Die konzeptionellen Kriterien beschreiben die Anforderungen an die Planung und Herangehensweise von Prozessen. Mithilfe der Verbrauchs- oder auch Kostenindikatoren können Aussagen über die Qualität der Bewirtschaftung hinsichtlich der Umsetzung der zuvor erstellten Konzepte getroffen werden. Mit den Zustandsindikatoren wird die momentane Qualität der Bewirtschaftung gemessen. Die regelmäßige Messung der Kriterien ermöglicht es, rechtzeitig Gegenmaßnahmen einzuleiten.
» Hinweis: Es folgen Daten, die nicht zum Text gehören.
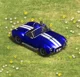 Cobra car AoE2
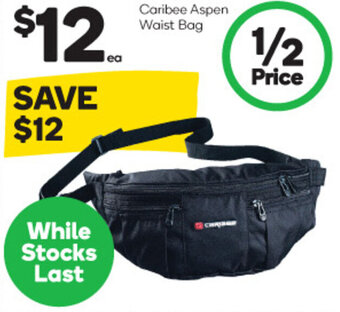 Caribee Aspen Waist Bag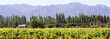 Mendoza Vineyard, Argentina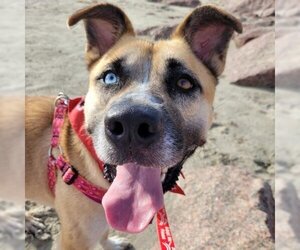 Akita-Unknown Mix Dogs for adoption in Galveston, TX, USA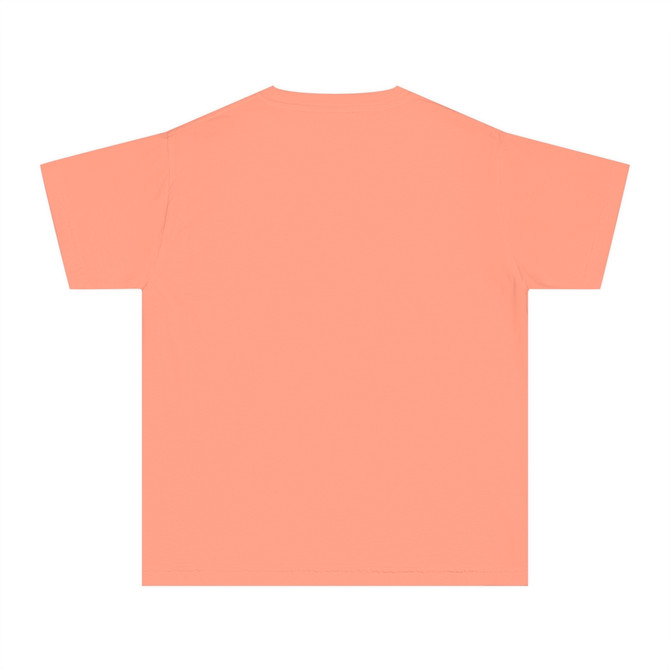 Gulf Coastal Zen Forgotten Coast Fl St George Island Sea Turtle SEA FLORIDA Comfort Colors Short Sleeve Youth Midweight Tee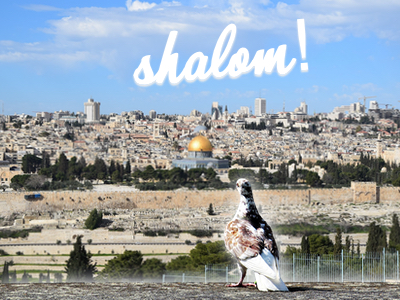 Jerusalem, Collage KIP Jerusalem, Collage KIP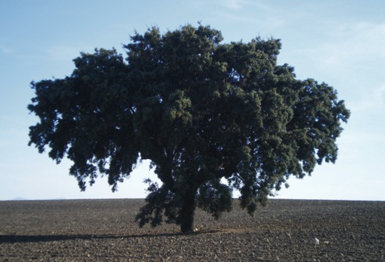 Encina próxima al pueblo de Huecas. El ejemplar más próximo de la misma especie se encuentra a dos kilómetros de distancia. 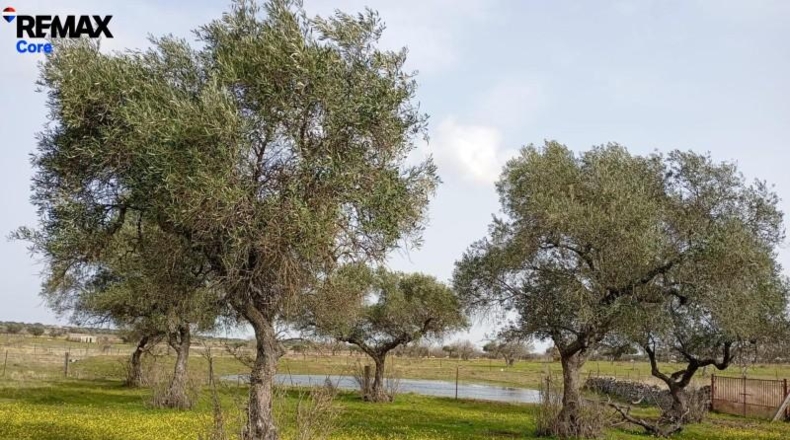 Cáceres - Montánchez - 13000m2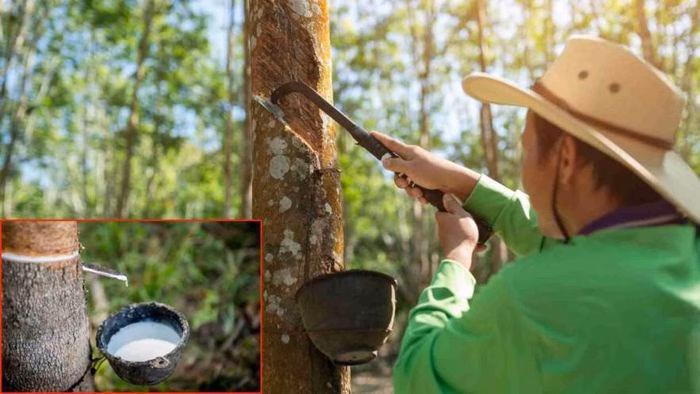 Giá cao su thế giới hôm nay đồng loạt khởi sắc nhờ đà tăng của giá dầu và nguồn cung thắt chặt. Ảnh minh họa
Nachhaltigkeit im FM ist ein wesentlich kleinteiligeres Thema, als auf den ersten Blick ersichtlich ist. Die erarbeiteten Maßnahmen, die zu einem nachhaltigeren FM beitragen können, liefern aber gute Anhaltspunkte für eine Definition von nachhaltigen Dienstleistungen. Der nächste Schritt wird es sein, auf Basis des vorgestellten Indikatorensystems einen branchenweit gültigen Standard zu implementieren, um die Qualität nachhaltiger Dienstleistungen messbar zu machen.